Irak işgaline giden yolun hangi yalanlarla döşendiğini bugün biliyoruz, ama o gün ABD Dışişleri Bakanı Colin Powel’ın elindeki ufak tüpü gösterip, “Bu zehrin bir kaşığı insanı öldürmeye yeterli. Saddam’da 25 bin litre var bu zehirden.”, sözlerini sorgusuz sualsiz manşetlere taşıyarak savaşın ateşini harlayan bir medya vardı.

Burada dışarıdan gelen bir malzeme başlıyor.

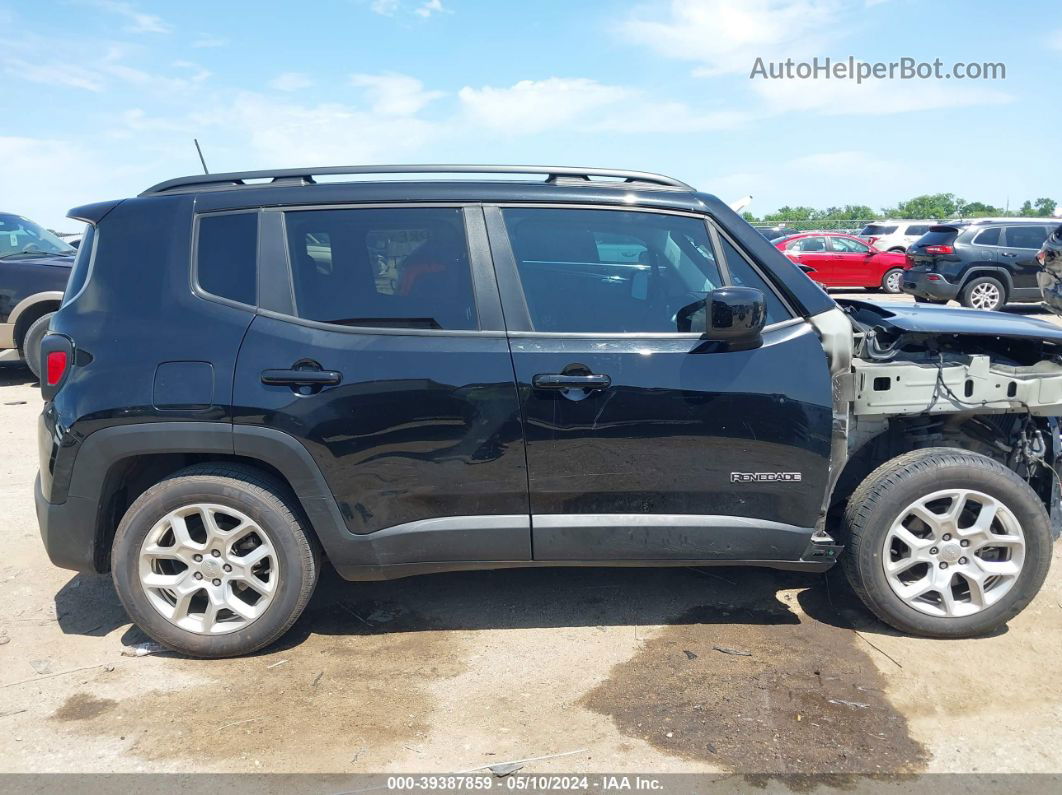 2018 Jeep Renegade Latitude Fwd Black vin: ZACCJABB9JPG93029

Ukrayna’da olanlar, emin olun, da asıl derdi barış değil de savaşın taraflarından birinin kazanması olanların yalanlarına bulanarak anlatılıyor. BirGün, çıkmadan yazılan anayasasında, “Yazdıysa doğrudur!” denilen bir gazete olarak tanımlanıyordu. Doğrunun yazılması, her haberin eleştirel aklın süzgecinden geçirilmesi, her zaman barıştan ve halktan yana olmak…

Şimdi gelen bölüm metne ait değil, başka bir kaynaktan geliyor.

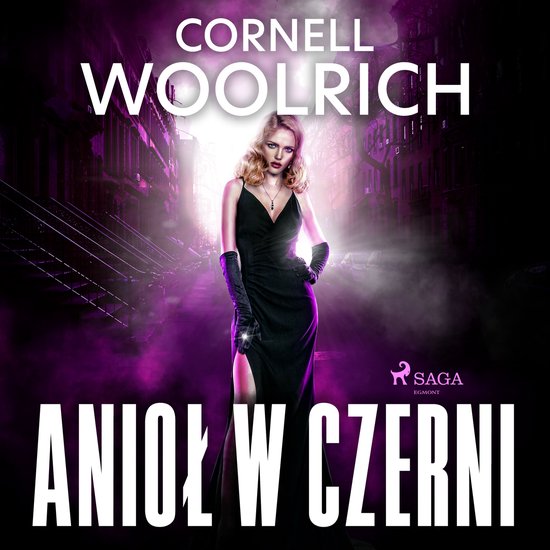 Anioł w czerni - cover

19’una giren BirGün, bu çizgiden hiç sapmadı. Onun var olmasına katkıda bulunan herkese gurur yaşattı ve yaşatmaya devam ediyor.

Bu yaş günü yazılarında tekrar tekrar anımsıyorum; gazetenin ilk sayısındaki “Merhaba” başlıklı ilk yazımda, Yaşar Kemal’in kaleminden çıkan ve bir romanın en iyi giriş ve final cümlesi olan “O iyi insanlar, o güzel atlara binip çekip gittiler”e gönderme yaparak, BirGün’ü var edenlerin o gitti sanılan iyi insanlar olduğunu yazmıştım. Bugün, “patronsuz gazete” olmanın kah güçlüklerine göğüs gerip kah keyfini yaşayarak 19 yaşımıza girdiysek, onu var eden ve en zor anlarında hep yanında olan “o iyi insanlar” sayesindedir.

Okurlarının ve yazarlarının fedakarlıkları sayesinde. Aramızda olmayan Baki Koşar, İbrahim Çeşmecioğlu, Hrant Dink, Reha Mağden, Cüneyt Cebenoyan, Alp Can, Aydın Engin, Hande Demircioğlu ve Kemal Keleşoğlu gibi yitirdiğimiz arkadaşlarımız sayesinde…

Şimdi hatırlayan var mı bilmiyorum, ama ilk yola çıktığımızda 4 hafta, 40 gün, bilemedin 4 ay yaşar diye ömürler biçilmişti BirGün’e. “Düşman” da değildi öyle ömür biçenlerin tümü, ama BirGün sözünü tuttu Nazım’ın: “Yaşamakta ayak direyeceksin. / Belki bahtiyarlık değildir artık, / Boynunun borcudur fakat, / Düşmana inat yaşamak.”

Bugünden geriye baktığımda, “bahtiyarlık” daha çok bana kalan. Artık ülkenin en iyi yazarlarına sahip, sadece yazdığım değil, öğrenerek okuduğum bir gazete BirGün.

Şimdi okuduğunuz 19’una girmiş ve “doğru”ya asla ihanet etmemiş gazeteniz “Çok şükür çok şükür bugünü de gördüm / Ölsem gam yemem gayrının resmi” işte!